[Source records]
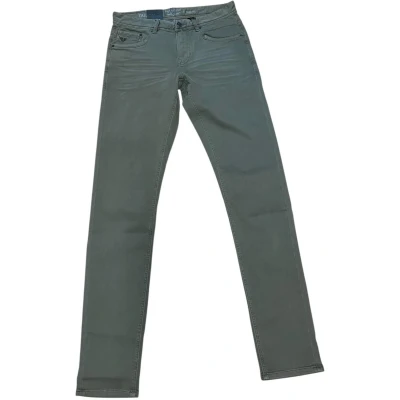 Afbeelding van PME LEGEND JEANS MAAT W31 X L36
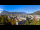 Webcam in Grenoble, 17.8 mi away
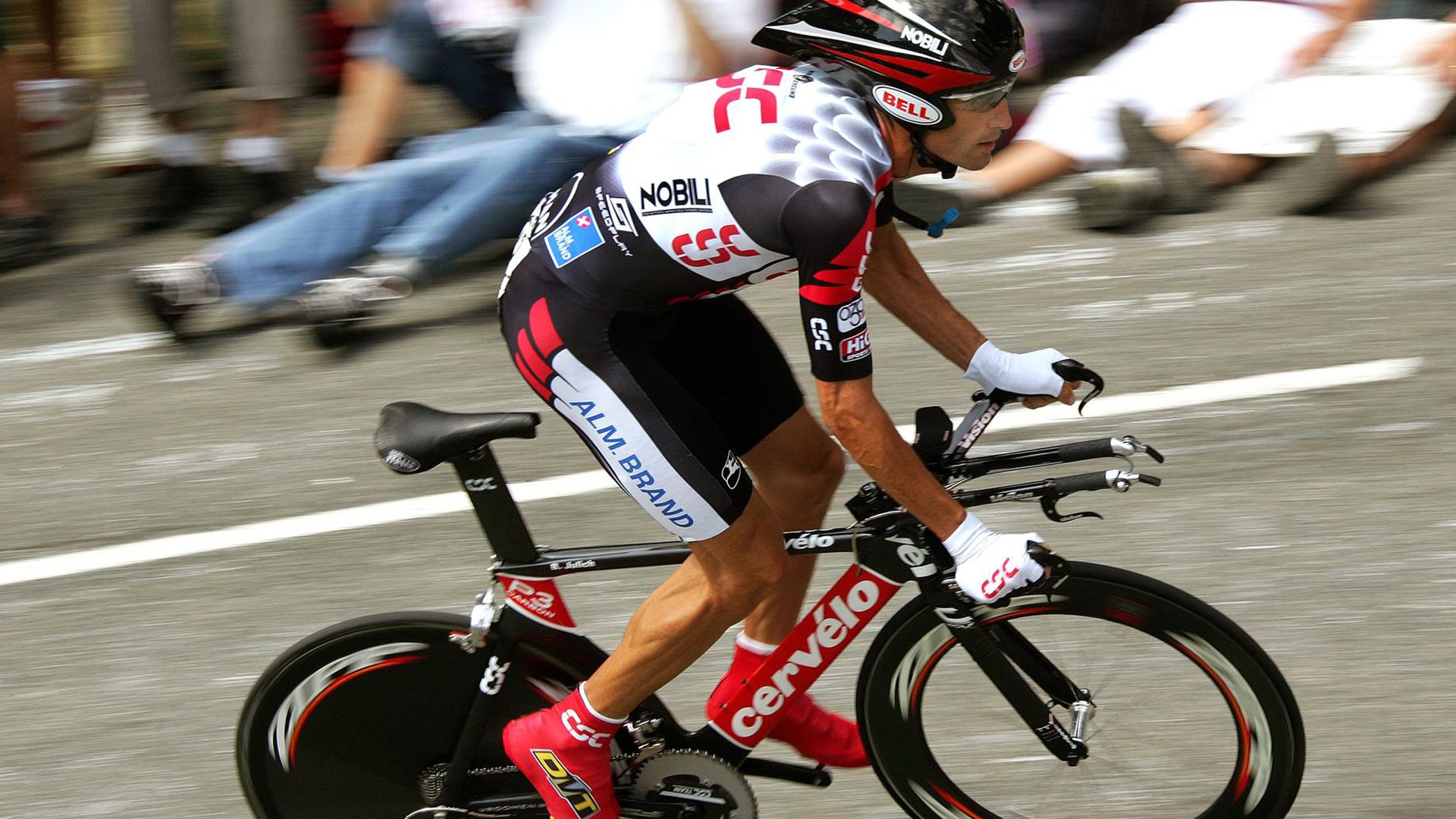 中国三人篮球男队攻防配合紧密，3人篮球中国队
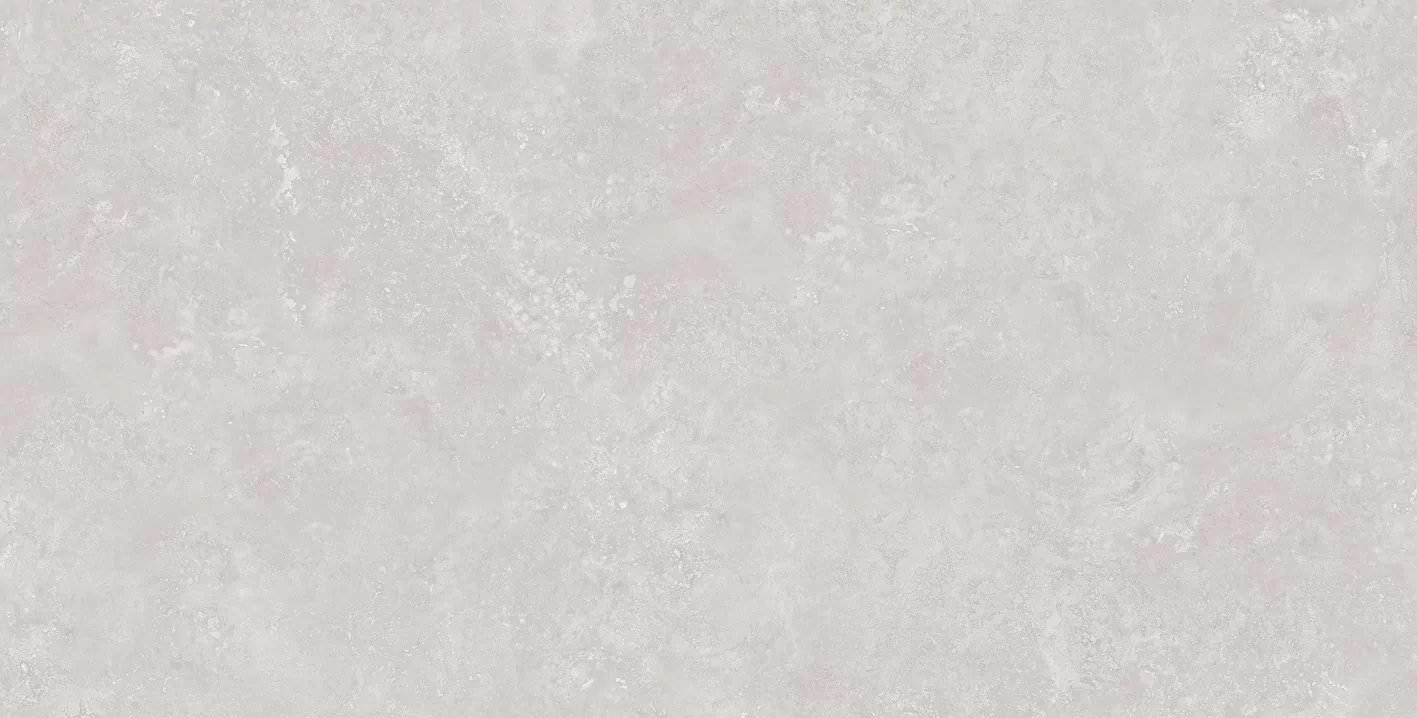 Керамогранит Sandstar Ash Carving 60x120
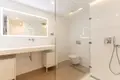 Wohnung 3 Schlafzimmer 166 m² Malaga, Spanien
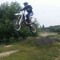 mikidj13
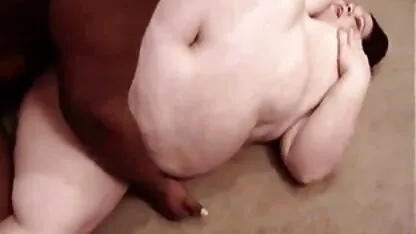 redhead coed Faye Reagan Bekommt knallte Auf dem Billardtisch pornos reife frauen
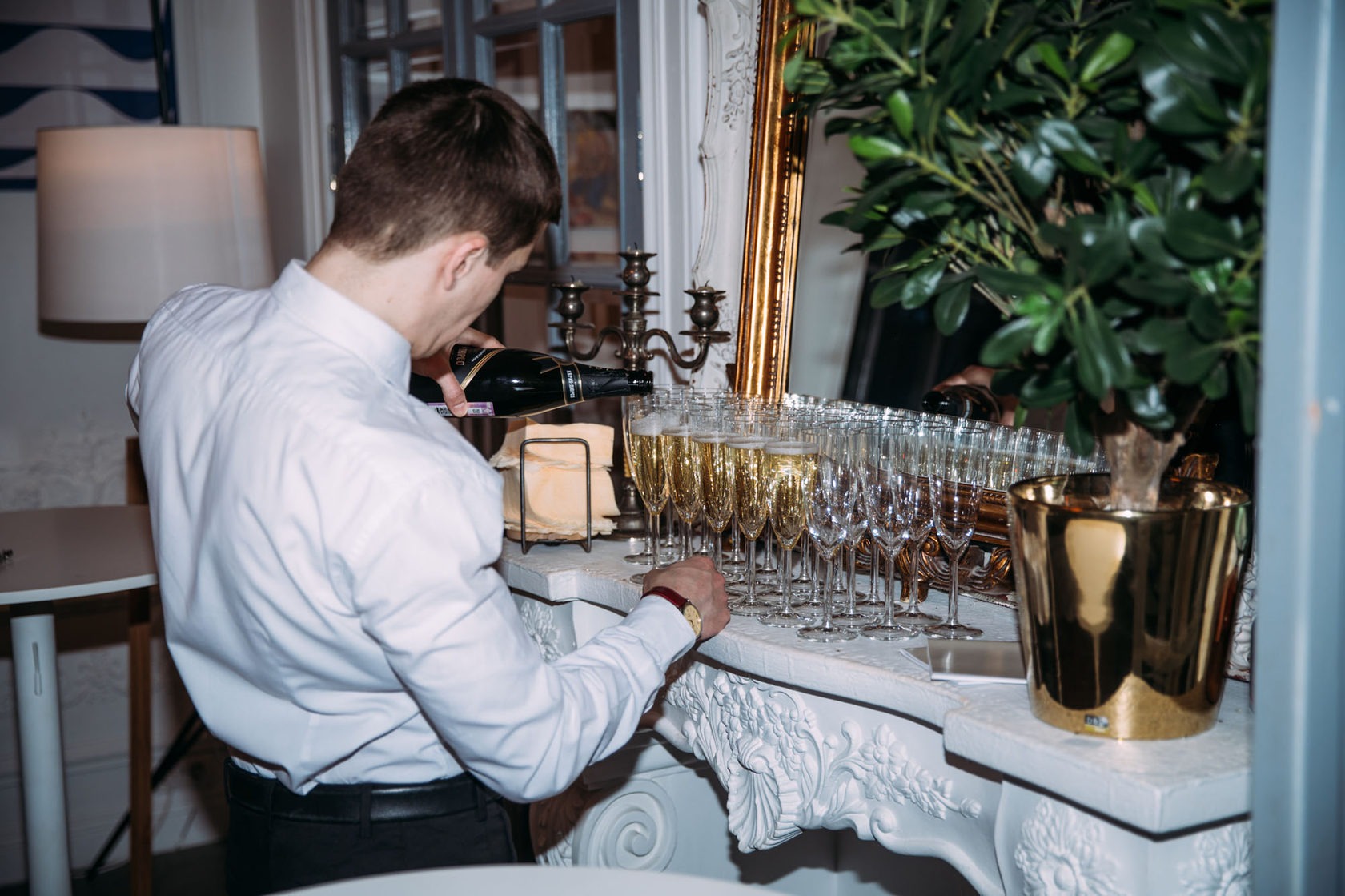 Капсульная коллекция, photo 20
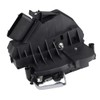 Door Lock Actuator Driver Side Front Compatible with Ford Transit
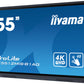 iiyama TE5512MIS-B1AG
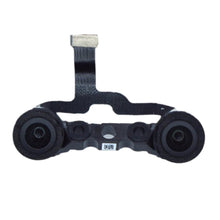 Load image into Gallery viewer, TBD06053289.jpg@59c3142537f33d3cf11f8f3c36770aee
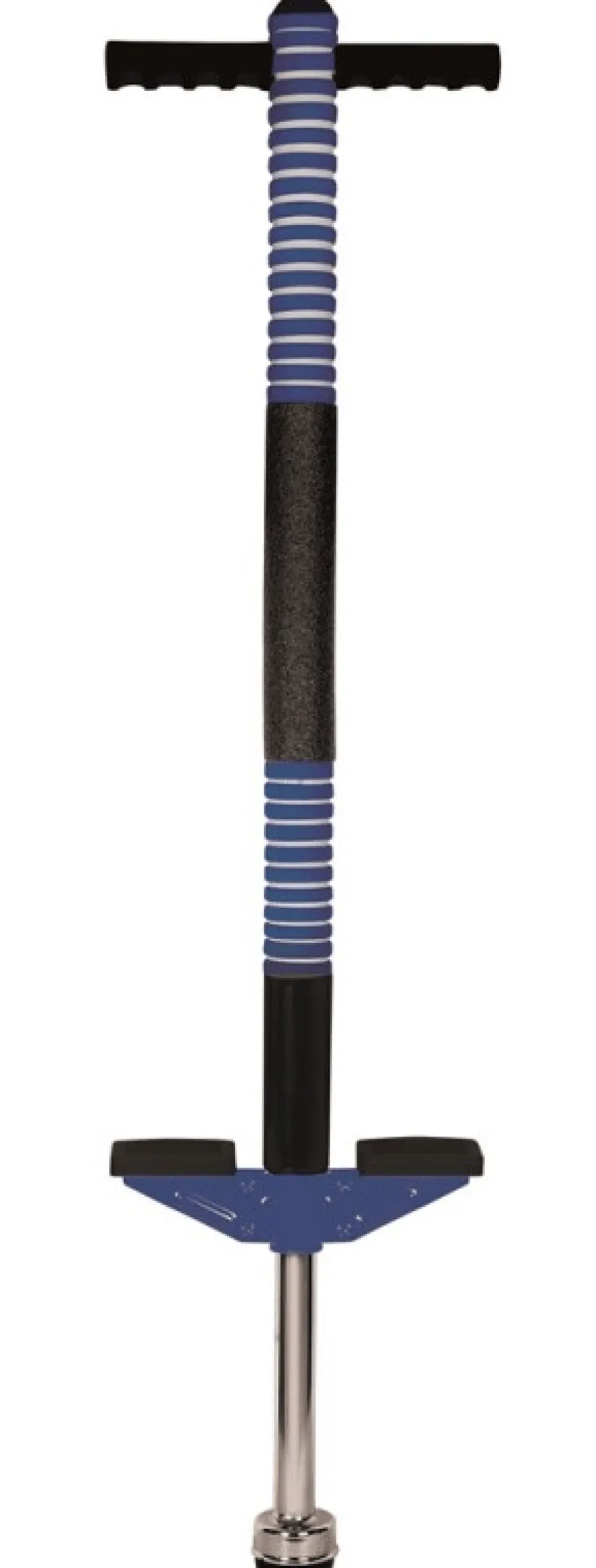 Kängurustylta (max 45 kg belastning)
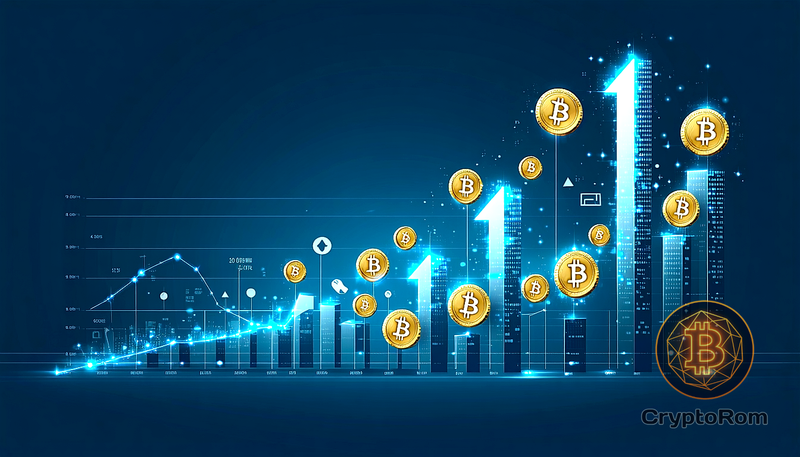 🤯 13 Шокирующих Моментов в Криптоиндустрии 2025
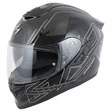 Scorpion Exo-1400 EVO II Carbon Air Reika
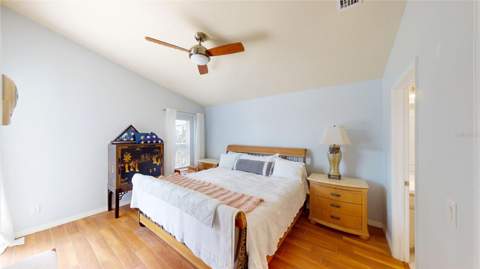 13429 Fladgate Mark Drive, Riverview FL - photo 19 of 50
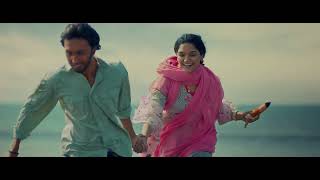 JOHN 2023 Official Theatrical Trailer | Saleem Miraj | Aashir Wajahat | New Movies | JOHN TEASER |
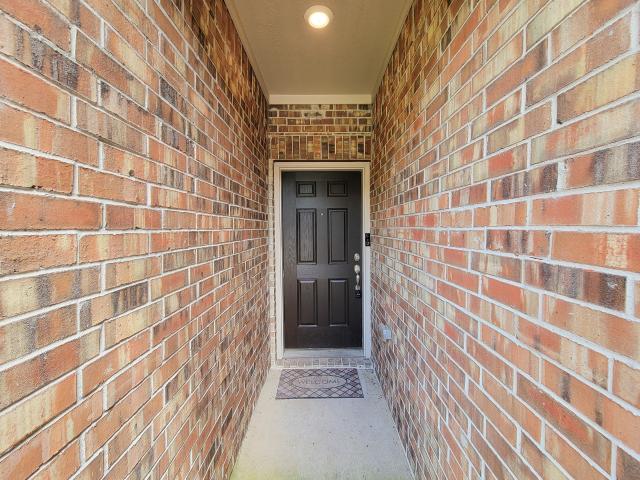 Property for rent in Texas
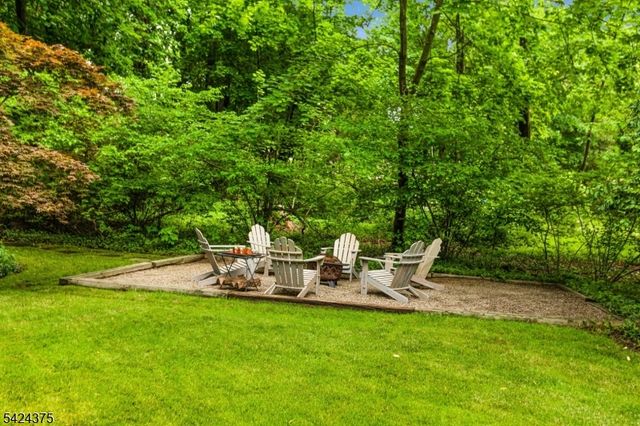 18 Ball Road, Mountain Lakes Boro, NJ 07046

■ TASK
Once the line containing "Door Lock Actuator" has been located, transcribe exactly and only every line from the first line of the entries through it, excluding pictures.

■ EXERCISE RESULT
 Afbeelding van PME LEGEND JEANS MAAT W31 X L36
 Webcam in Grenoble, 17.8 mi away
 中国三人篮球男队攻防配合紧密，3人篮球中国队
 Керамогранит Sandstar Ash Carving 60x120
 Wohnung 3 Schlafzimmer 166 m² Malaga, Spanien
 mikidj13
 redhead coed Faye Reagan Bekommt knallte Auf dem Billardtisch pornos reife frauen
 Капсульная коллекция, photo 20
 Door Lock Actuator Driver Side Front Compatible with Ford Transit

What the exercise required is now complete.